Schedule 2 will amend superannuation laws to enable the Australian Taxation Office to pay certain superannuation amounts, such as unclaimed super balances, directly to people with a terminal medical condition. It will also remove the requirement for superannuation funds to lodge a lost members statement with the Australian Taxation Office. The first change ensures that people who are dealing with the circumstances of being diagnosed as terminally ill or injured do not also have to deal with unnecessary complexity to get access to superannuation savings held by the ATO. Superannuation balances are, generally, able to be released tax free to people with a terminal medical condition. Super funds can already pay balances they hold directly to such people when a valid claim is made.

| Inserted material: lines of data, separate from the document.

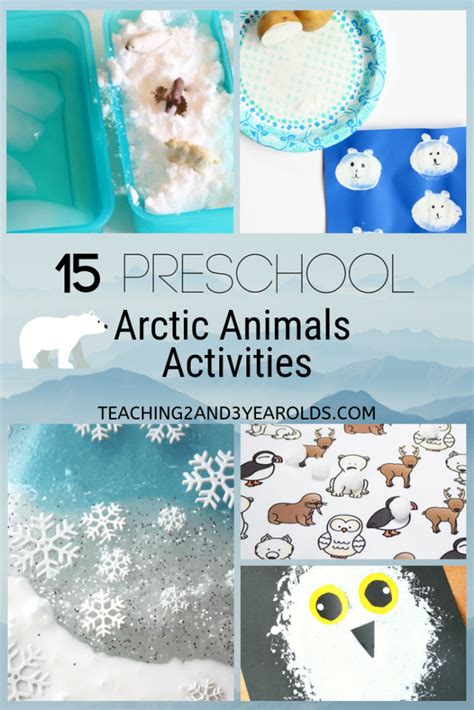 15 Of The Best Preschool Arctic Animals Activities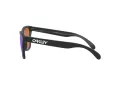 Oakley Frogskins Lunettes de Soleil OO 9013 H6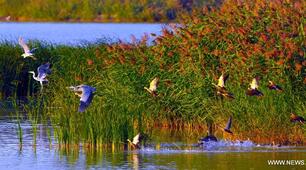Всесвітній день водно-болотних угідь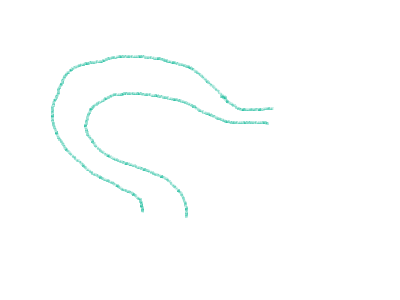 רודולף ברוסית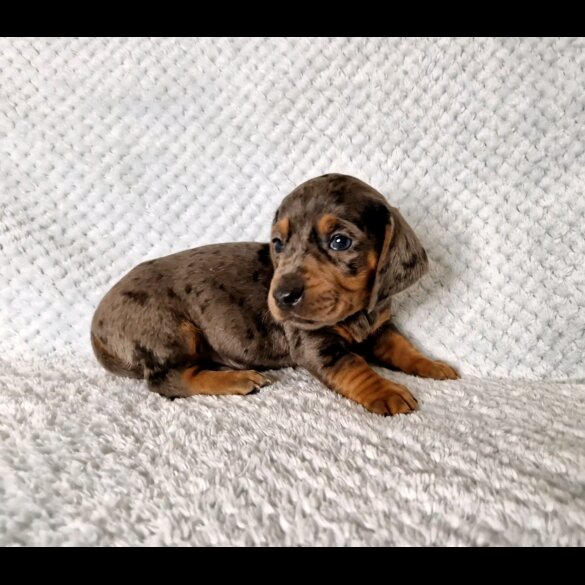 Dachshund (Standard &amp; Miniature) - Both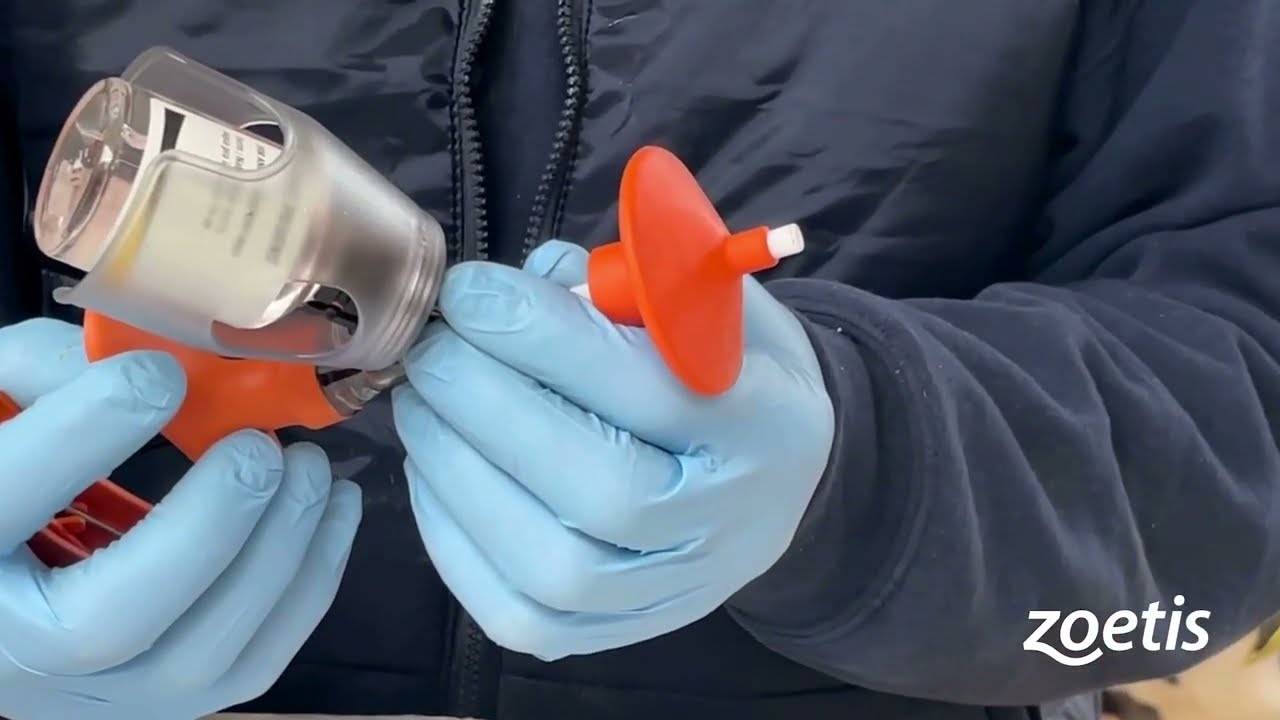 Successful calf rearing with Rispoval RS+ Pi3 IntraNasal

However, the existing law only permits the ATO to pay unclaimed super directly to terminally ill or injured people in limited circumstances. In most cases, when a terminally ill person makes a claim, currently, the ATO first has to transfer the money into an existing account in a super fund before they can access it. This creates unnecessary delays and paperwork for people who should be able to access their super. In fact, if the person does not have a super account, the red tape they face under existing law increases. For example, if a person on finding out they are terminally ill withdraws their balance and closes their super account, the person needs to create a new account just to receive their unclaimed super held by the ATO. We as a government do not want to subject people to needless bureaucracy, particularly when they are facing difficult life circumstances and are likely to be at their most vulnerable. Enacting this bill will allow the ATO to pay super amounts they hold or administer directly to a terminally ill or injured person. This will eliminate a pointless step in the claims process and provide people with faster access to their super when they need it most.

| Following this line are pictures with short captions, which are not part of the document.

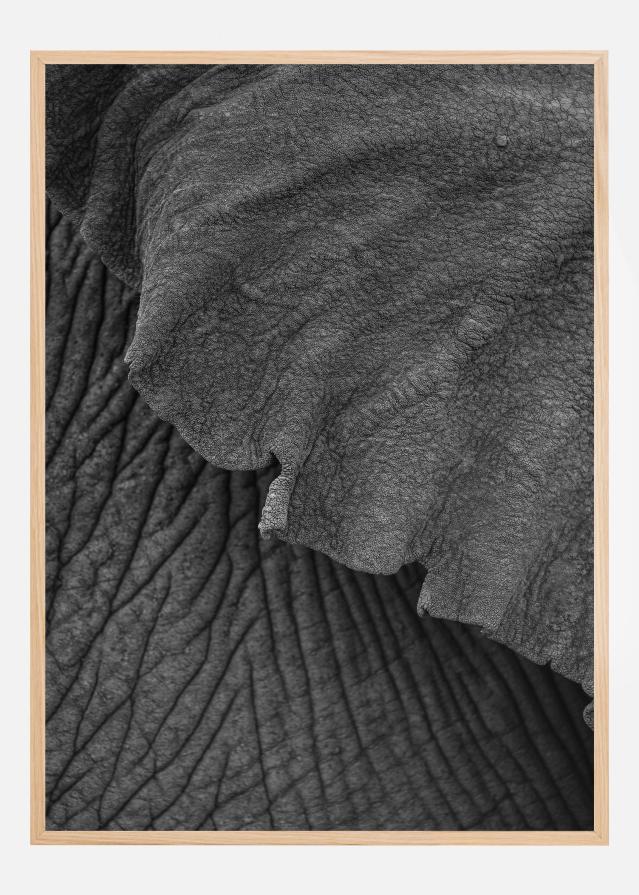 Bildverkstad Olifant 02 Poster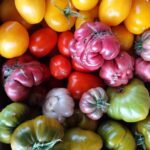 Bunte Tomaten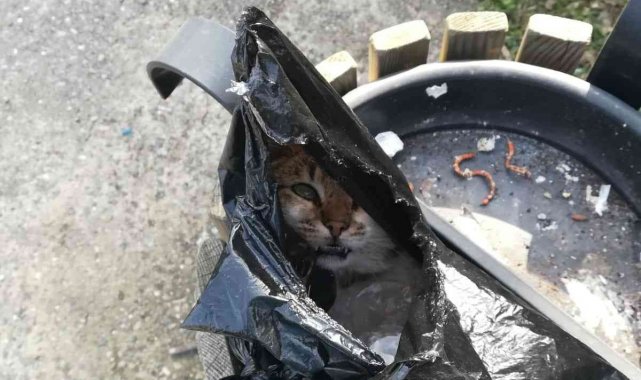 Spor yapmaya geldiler, çöpde gördükleri manzara karşısında büyük şok yaşadılar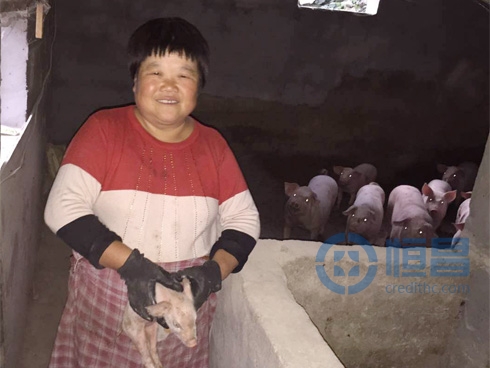 恒昌普惠奏響農村金融豐收曲 恒昌普惠奏響農村金融豐收曲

The Commissioner of Taxation also, in schedule 2, maintains a register known as the Lost Members Register, which contains details of members who have been reported by their super providers as lost. This register is maintained for the purpose of reuniting people with their lost super. The register is updated, periodically, using information reported to the ATO by super funds. This information is currently reported to the ATO by super funds, twice a year, through the lost members statement. This is a requirement under superannuation law. However, since 2013 similar information has also been reported by funds to the ATO as a result of a separate reporting obligation under tax administration law. This bill will remove the extra requirement for funds to lodge the lost member statement. It will remove an additional reporting burden for funds and reduce their compliance costs without reducing access to information as it will continue to be collected under tax administration law. People will continue to be able to use myGov to search the register for their lost super.

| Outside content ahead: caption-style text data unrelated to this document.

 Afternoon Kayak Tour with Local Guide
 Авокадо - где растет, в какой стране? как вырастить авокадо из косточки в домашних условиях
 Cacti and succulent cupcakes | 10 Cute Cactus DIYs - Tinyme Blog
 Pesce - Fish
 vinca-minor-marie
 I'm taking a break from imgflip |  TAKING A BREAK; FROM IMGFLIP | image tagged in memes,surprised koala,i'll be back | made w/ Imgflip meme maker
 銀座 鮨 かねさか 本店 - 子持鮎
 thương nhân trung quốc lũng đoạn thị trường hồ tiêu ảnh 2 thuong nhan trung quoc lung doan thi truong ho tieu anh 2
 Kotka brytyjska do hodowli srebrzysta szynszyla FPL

Schedule 3 to this bill contains amendments to the Corporations Act 2001 to modify the notification and reporting obligations applying to certain corporations that have property in receivership or property in respect of which a controller is acting. These amendments remove the unnecessary compliance costs, reputational damage and investor confusion caused by having to include 'in receivership' on all of a company's public documents, rather than only those documents that relate to the affected trust. The amendments will also reduce the administrative burden on corporations' officers by reducing the matters upon which they are required to report to a controller.

Schedule 4 to this bill repeals inoperative acts and provisions of the tax law. This includes: the repeal of the Commonwealth borrowing levy, which has been inoperative since 1997; the repeal of the tax-exempt infrastructure borrowing concession, which has been inoperative since 2012; and the repeal of various provisions relating to concessions for equity investments by financial institutions in small and medium enterprises, which have been effectively inoperative since 1999. I commend this bill to the House.